The result: The bushes are loaded.
At Keith and Janet Stocker’s Mountainview Farm, some boughs bend almost to the ground with the weight of the berries. The blueberry farm, which the Stockers bought three years ago, dates back to the 1940s. The Stockers, whose 9-acre Snohomish farm primarily serves u-pick consumers, have more berries than they have customers to pick them.
On recent hot afternoons, the Henna Blueberry Farm in Fall City was “almost dead,” with very few customers, said owner Nayab Khan. Khan has dropped his prices by 50 cents, to $1.50 a pound, to try to lure more pickers this weekend.

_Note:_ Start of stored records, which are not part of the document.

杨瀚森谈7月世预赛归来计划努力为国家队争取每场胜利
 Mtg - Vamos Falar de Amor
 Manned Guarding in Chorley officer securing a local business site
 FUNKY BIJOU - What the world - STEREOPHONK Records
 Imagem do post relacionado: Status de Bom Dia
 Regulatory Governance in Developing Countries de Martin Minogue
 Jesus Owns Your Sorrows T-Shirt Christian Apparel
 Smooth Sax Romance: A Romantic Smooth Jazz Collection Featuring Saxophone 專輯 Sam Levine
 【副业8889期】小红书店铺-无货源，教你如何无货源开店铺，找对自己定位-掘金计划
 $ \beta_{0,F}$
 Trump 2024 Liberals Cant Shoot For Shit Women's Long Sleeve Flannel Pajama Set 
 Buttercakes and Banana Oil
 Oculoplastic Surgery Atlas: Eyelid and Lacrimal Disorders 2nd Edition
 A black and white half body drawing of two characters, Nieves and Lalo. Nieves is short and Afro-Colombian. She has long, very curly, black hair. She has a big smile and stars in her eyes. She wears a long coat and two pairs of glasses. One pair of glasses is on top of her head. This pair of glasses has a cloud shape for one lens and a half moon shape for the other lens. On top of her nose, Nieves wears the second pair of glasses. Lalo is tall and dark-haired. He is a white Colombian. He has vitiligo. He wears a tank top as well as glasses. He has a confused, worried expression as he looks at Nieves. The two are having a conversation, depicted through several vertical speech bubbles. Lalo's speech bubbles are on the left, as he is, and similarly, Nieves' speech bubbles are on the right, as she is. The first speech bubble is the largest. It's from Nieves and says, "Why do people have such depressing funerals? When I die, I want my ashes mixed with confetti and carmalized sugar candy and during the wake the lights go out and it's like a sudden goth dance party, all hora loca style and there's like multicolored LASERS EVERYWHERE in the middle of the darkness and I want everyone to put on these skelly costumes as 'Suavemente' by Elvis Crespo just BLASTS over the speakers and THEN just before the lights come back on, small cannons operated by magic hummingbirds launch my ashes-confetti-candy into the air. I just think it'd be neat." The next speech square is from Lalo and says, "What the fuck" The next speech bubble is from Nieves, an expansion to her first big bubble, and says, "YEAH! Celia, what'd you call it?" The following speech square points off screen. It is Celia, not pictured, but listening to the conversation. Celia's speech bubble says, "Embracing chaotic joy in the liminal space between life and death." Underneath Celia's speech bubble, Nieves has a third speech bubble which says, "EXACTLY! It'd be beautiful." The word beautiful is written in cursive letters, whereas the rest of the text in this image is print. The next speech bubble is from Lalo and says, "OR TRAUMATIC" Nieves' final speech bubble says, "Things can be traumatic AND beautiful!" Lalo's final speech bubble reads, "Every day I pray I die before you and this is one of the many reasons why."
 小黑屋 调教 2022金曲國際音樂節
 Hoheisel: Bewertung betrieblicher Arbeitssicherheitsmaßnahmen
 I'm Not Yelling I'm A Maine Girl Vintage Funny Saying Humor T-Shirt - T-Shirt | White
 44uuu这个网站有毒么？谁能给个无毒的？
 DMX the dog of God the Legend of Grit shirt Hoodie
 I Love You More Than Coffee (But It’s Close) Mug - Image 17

But at Bybee-Nims Farm in North Bend, the pickers are returning now that the weather is cooler, said Steve Bybee. And they’re also coming back to Bellevue’s Mercer Slough Blueberry Farm, where the temperature at the fruit stand registered as high as 107 degrees last week, said Bill Pace, who runs the produce stand.
It’s a far cry from last year, when a wet, chilly spring kept the bees from doing their pollinating work. And then August was plagued by rainstorm after rainstorm. Bybee, Stocker and Khan all said they had to close on and off because they didn’t have enough berries to sell last year. “We’d open for a day, then close for three,” Stocker said.
This year the opposite is true. Last week, during the heat wave, the Stockers brought in professional pickers to keep up with the crop, and froze many berries. “But we’d rather sell them fresh than pick them and freeze them,” he said.
On Wednesday, a dozen families worked the blueberry rows at Mountainview Farm, many with children. Plenty of berries were going straight from bush to mouth, one of the delights of blueberry picking; Stocker jokes that he’s thought about weighing his customers before and after they go out to the field to try to figure out how many they’ve consumed.
Pace, of the Mercer Slough farm, says this will be an excellent year for all crops, not just blueberries, because of the weather. “We’re going to have a bumper, bumper crop of everything,” predicted Pace, who owns farmland in Yakima and sells his crops at the Bellevue fruit stand.
The Stockers have had to irrigate the crop since May. But they aren’t complaining. “It’s much easier to produce rain than to produce sunshine,” Keith Stocker said.